*What the exercise asks*:
All of the data below should be written out exactly.

*Exercise materials*:

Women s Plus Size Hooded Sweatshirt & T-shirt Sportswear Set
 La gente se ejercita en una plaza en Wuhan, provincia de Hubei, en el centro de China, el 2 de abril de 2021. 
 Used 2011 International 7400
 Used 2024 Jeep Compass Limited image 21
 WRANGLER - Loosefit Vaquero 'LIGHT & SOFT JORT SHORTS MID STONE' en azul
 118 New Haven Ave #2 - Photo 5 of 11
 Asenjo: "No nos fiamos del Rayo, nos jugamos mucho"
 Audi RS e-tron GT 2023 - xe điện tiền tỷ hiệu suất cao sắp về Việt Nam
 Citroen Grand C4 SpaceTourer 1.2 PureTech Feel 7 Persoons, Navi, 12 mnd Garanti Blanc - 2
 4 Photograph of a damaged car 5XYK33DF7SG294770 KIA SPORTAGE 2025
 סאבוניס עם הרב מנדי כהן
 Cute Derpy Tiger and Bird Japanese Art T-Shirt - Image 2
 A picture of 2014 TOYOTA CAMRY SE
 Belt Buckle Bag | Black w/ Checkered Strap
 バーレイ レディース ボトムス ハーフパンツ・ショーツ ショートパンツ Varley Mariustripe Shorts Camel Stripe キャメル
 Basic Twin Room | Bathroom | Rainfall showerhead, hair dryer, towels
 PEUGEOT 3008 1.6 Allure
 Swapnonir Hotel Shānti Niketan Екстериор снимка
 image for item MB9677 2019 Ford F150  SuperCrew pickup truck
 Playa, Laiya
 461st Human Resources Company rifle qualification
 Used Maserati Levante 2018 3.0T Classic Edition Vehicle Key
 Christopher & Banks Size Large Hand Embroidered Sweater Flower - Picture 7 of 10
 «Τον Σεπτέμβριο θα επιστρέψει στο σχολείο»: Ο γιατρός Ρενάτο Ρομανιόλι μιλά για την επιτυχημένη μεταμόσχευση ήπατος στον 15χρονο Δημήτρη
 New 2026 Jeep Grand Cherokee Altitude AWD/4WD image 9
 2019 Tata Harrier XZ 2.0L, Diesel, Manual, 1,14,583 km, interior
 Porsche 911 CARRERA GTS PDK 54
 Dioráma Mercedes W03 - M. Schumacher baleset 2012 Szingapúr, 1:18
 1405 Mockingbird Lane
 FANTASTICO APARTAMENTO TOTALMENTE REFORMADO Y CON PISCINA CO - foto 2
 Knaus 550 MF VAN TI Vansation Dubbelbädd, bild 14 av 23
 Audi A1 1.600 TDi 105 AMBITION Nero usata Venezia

*Written solution*:
Women s Plus Size Hooded Sweatshirt & T-shirt Sportswear Set
 La gente se ejercita en una plaza en Wuhan, provincia de Hubei, en el centro de China, el 2 de abril de 2021. 
 Used 2011 International 7400
 Used 2024 Jeep Compass Limited image 21
 WRANGLER - Loosefit Vaquero 'LIGHT & SOFT JORT SHORTS MID STONE' en azul
 118 New Haven Ave #2 - Photo 5 of 11
 Asenjo: "No nos fiamos del Rayo, nos jugamos mucho"
 Audi RS e-tron GT 2023 - xe điện tiền tỷ hiệu suất cao sắp về Việt Nam
 Citroen Grand C4 SpaceTourer 1.2 PureTech Feel 7 Persoons, Navi, 12 mnd Garanti Blanc - 2
 4 Photograph of a damaged car 5XYK33DF7SG294770 KIA SPORTAGE 2025
 סאבוניס עם הרב מנדי כהן
 Cute Derpy Tiger and Bird Japanese Art T-Shirt - Image 2
 A picture of 2014 TOYOTA CAMRY SE
 Belt Buckle Bag | Black w/ Checkered Strap
 バーレイ レディース ボトムス ハーフパンツ・ショーツ ショートパンツ Varley Mariustripe Shorts Camel Stripe キャメル
 Basic Twin Room | Bathroom | Rainfall showerhead, hair dryer, towels
 PEUGEOT 3008 1.6 Allure
 Swapnonir Hotel Shānti Niketan Екстериор снимка
 image for item MB9677 2019 Ford F150  SuperCrew pickup truck
 Playa, Laiya
 461st Human Resources Company rifle qualification
 Used Maserati Levante 2018 3.0T Classic Edition Vehicle Key
 Christopher & Banks Size Large Hand Embroidered Sweater Flower - Picture 7 of 10
 «Τον Σεπτέμβριο θα επιστρέψει στο σχολείο»: Ο γιατρός Ρενάτο Ρομανιόλι μιλά για την επιτυχημένη μεταμόσχευση ήπατος στον 15χρονο Δημήτρη
 New 2026 Jeep Grand Cherokee Altitude AWD/4WD image 9
 2019 Tata Harrier XZ 2.0L, Diesel, Manual, 1,14,583 km, interior
 Porsche 911 CARRERA GTS PDK 54
 Dioráma Mercedes W03 - M. Schumacher baleset 2012 Szingapúr, 1:18
 1405 Mockingbird Lane
 FANTASTICO APARTAMENTO TOTALMENTE REFORMADO Y CON PISCINA CO - foto 2
 Knaus 550 MF VAN TI Vansation Dubbelbädd, bild 14 av 23
 Audi A1 1.600 TDi 105 AMBITION Nero usata Venezia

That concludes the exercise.